--- Dataset excerpt Enclosed Below ---
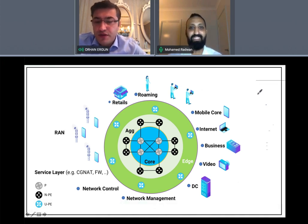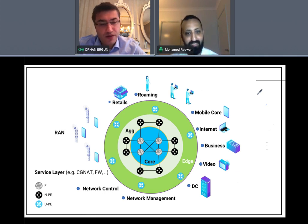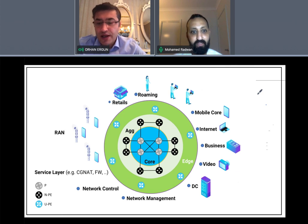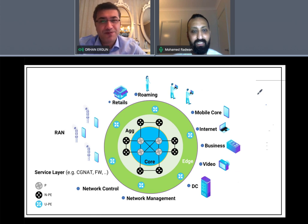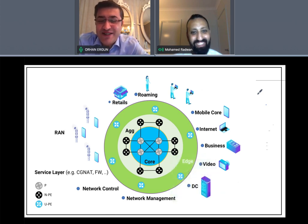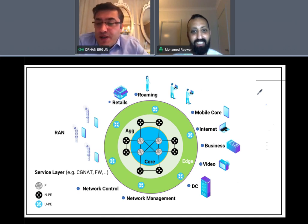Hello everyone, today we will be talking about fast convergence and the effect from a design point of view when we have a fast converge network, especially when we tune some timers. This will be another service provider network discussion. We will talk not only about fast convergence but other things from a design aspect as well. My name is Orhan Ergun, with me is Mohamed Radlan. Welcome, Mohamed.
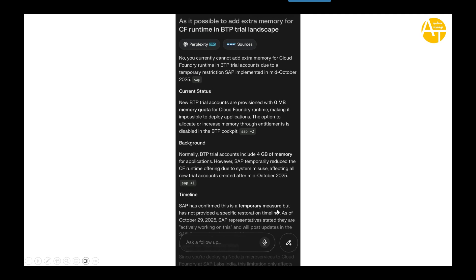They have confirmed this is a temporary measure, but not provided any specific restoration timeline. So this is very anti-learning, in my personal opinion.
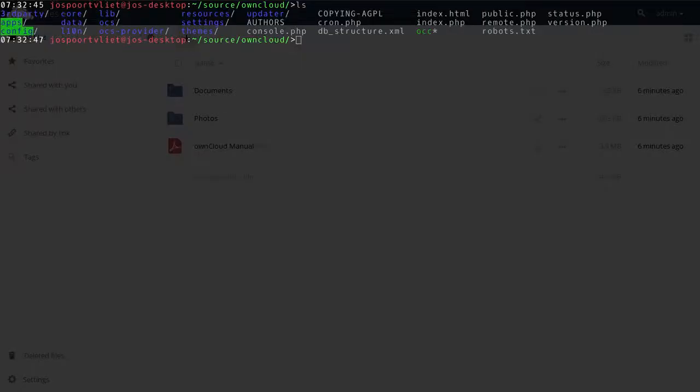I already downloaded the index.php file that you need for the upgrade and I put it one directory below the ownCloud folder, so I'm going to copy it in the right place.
--- End of Enclosed Dataset excerpt ---
What is being asked: All of the material above should be copied exactly, minus the pictures.

Task response:
Hello everyone, today we will be talking about fast convergence and the effect from a design point of view when we have a fast converge network, especially when we tune some timers. This will be another service provider network discussion. We will talk not only about fast convergence but other things from a design aspect as well. My name is Orhan Ergun, with me is Mohamed Radlan. Welcome, Mohamed.
They have confirmed this is a temporary measure, but not provided any specific restoration timeline. So this is very anti-learning, in my personal opinion.
I already downloaded the index.php file that you need for the upgrade and I put it one directory below the ownCloud folder, so I'm going to copy it in the right place.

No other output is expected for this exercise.